With a modular, de-integrated platform that separates active and passive components, Dutch startup Photon Bridge aims to simplify manufacturing, reduce costs and scale photonic integrated chip production for emerging AI and telecom applications.
Startup Photon Bridge is quietly laying the groundwork for a manufacturing revolution in integrated photonics. Led by CEO Paul Marchal, the Eindhoven-based firm is challenging the industry’s prevailing integration dogma to unlock manufacturability and scalability in next-gen photonic integrated chips (PICs).
Recognizing complexity challenges and yield limitations in conventional photonics integration, Photon Bridge’s technology originates from the scientific work of co-founder and CTO Rui Santos at Eindhoven University of Technology. “Rui saw that squeezing all functionality into a monolithic stack isn’t always optimal in terms of performance or manufacturability,” says Marchal.
Photon Bridge’s approach is to separate active and passive photonic components. Active elements, such as lasers and amplifiers, are realized in III-V materials like indium phosphide (InP), while passive waveguides are fabricated in silicon. By using larger waveguides and keeping each subsystem in its optimal material platform, the company says it can improve manufacturing yield and reduce cost, while maintaining high optical performance.
This modular strategy is highly practical, Marchal points out. “Instead of trying to co-integrate everything, which adds complexity, we’re aligning pre-tested modules into a photonic system. Think of it as an optical PCB. You verify the components independently before placing them. That means higher intrinsic yield and simpler production.”

Brutal
The key enabler is Photon Bridge’s self-alignment technology. By designing waveguides and receiving grooves that mechanically lock into place, the company achieves sub-100nm optical alignment using standard pick-and-place tools to dramatically reduce packaging complexity and cost. “The system was initially developed for optical probing,” explains Marchal, “but we realized it could be used to create permanent, high-precision connections.”
The company’s flagship application is external laser sources for AI infrastructure, where demand for high-speed, multi-wavelength optical links is growing rapidly. “In this application, electrical interconnects are a bottleneck.

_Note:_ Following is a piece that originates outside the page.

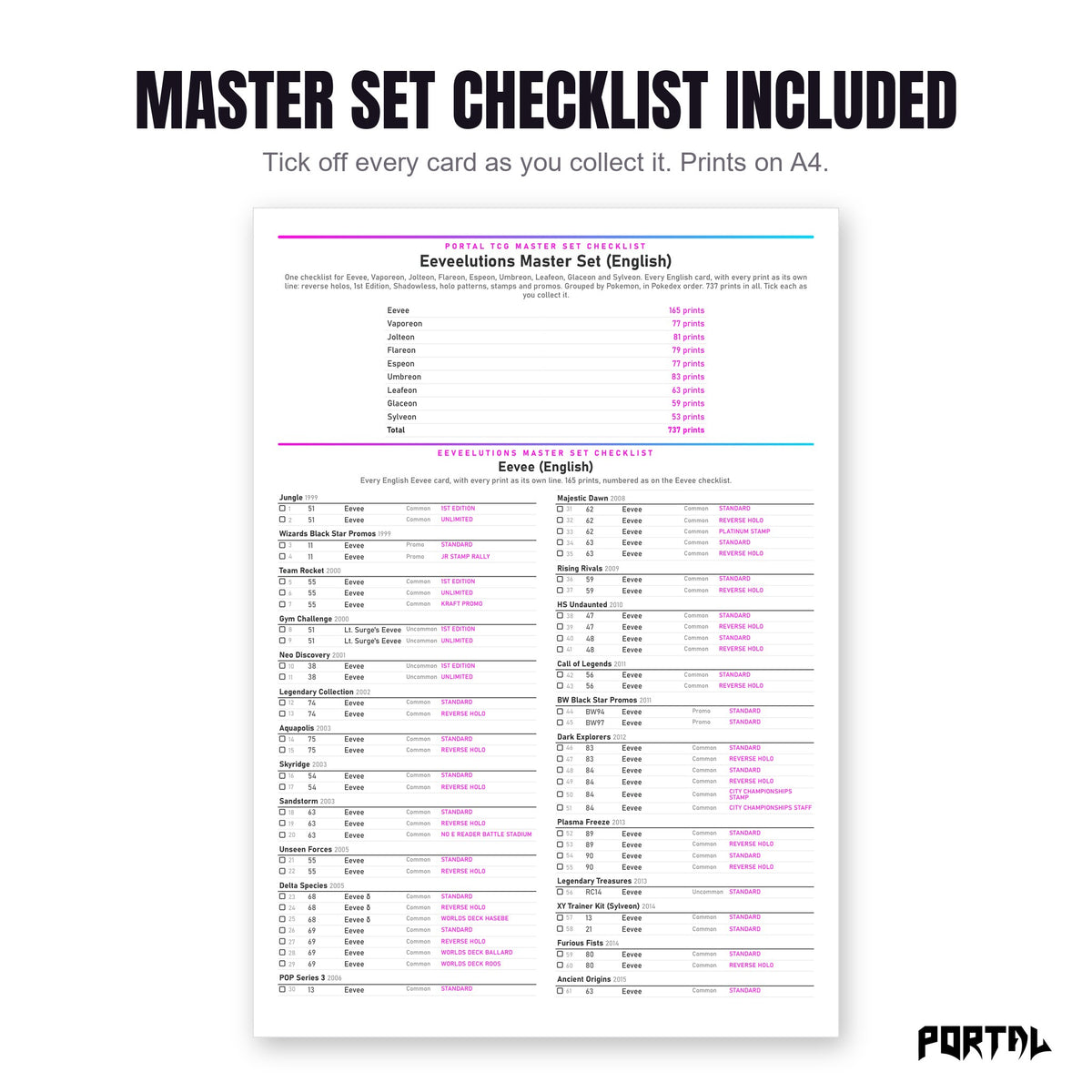 Master set checklist in the Eeveelutions bundle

Everyone’s looking to swap electrons for photons,” Marchal notes. “But co-packaged optics is going to need external laser sources with multiple precisely controlled wavelengths. That’s exactly where we shine.”
Photon Bridge says its architecture simplifies the creation of multi-wavelength light sources on a single fiber, a notoriously difficult challenge due to the precision required in modulator matching. Moreover, the company’s wider waveguides can handle 100x more optical power than typical submicron designs, a critical factor for long-reach and high-throughput applications.

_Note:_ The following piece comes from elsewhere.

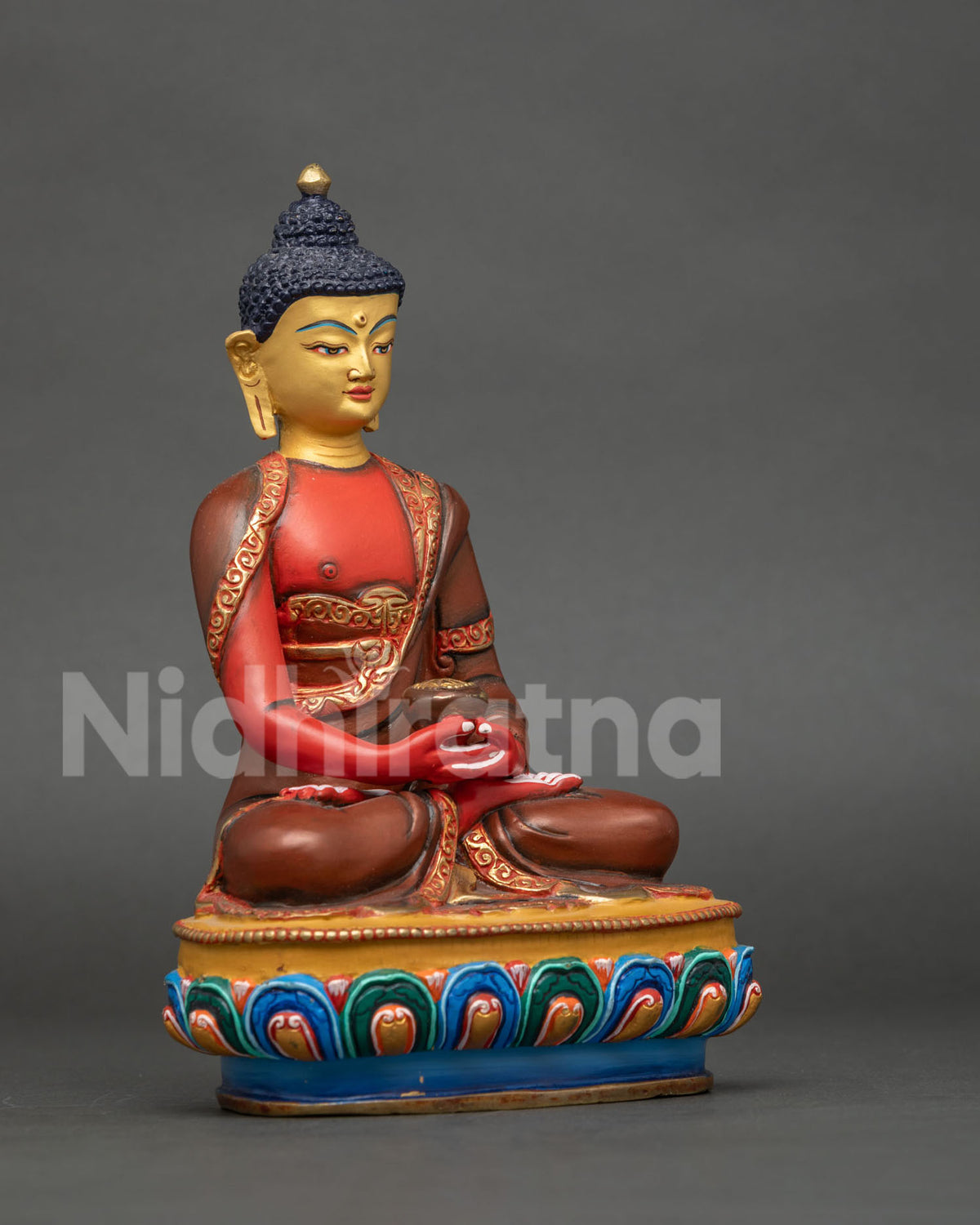 Amitabha Buddha statue hand carved monk robe floral motifs copper.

While telecom is an important potential market too, Marchal sees AI data center optics as the real driver. “The price targets in AI are brutal, easily one or two orders of magnitude below telecom-grade components. Our de-integrated platform can hit those targets,” he says.
Tech push
Photon Bridge is structured as a fully fabless operation, sourcing manufacturing from a diverse set of partners and focusing its internal efforts on design and system architecture. This keeps the company lean and scalable. “We want to be double or triple sourced for everything,” Marchal emphasizes. “That’s the only way to serve large-volume customers reliably.”

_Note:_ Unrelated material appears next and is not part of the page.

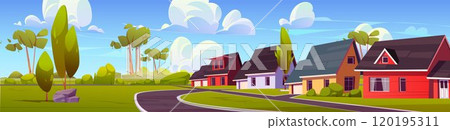 Suburban town street 120195311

The company has completed a pilot production setup and is preparing prototype deliveries to its first customers – two major telecom firms. Marchal expects product qualification to take 12–18 months, with commercial rollout targeted within two years. In parallel, the team is scaling up, aiming to double its size to around 20 employees by the end of the year.
On the way to a projected seven- or eight-digit annual revenue, Photon Bridge has received crucial support from Photondelta, the Dutch national growth accelerator for integrated photonics. As a public-private partnership, Photondelta plays a key role in shaping and expanding the entire photonics ecosystem, from foundational R&D to industrial scale-up. “They don’t just finance individual companies; they help us build the networks and supply chain needed to take us to global markets.”
Despite the ambitious roadmap, Marchal remains grounded. “This has to fly within two years, or it doesn’t fly. We’re not doing a tech push, we’re building exactly what customers are asking for.”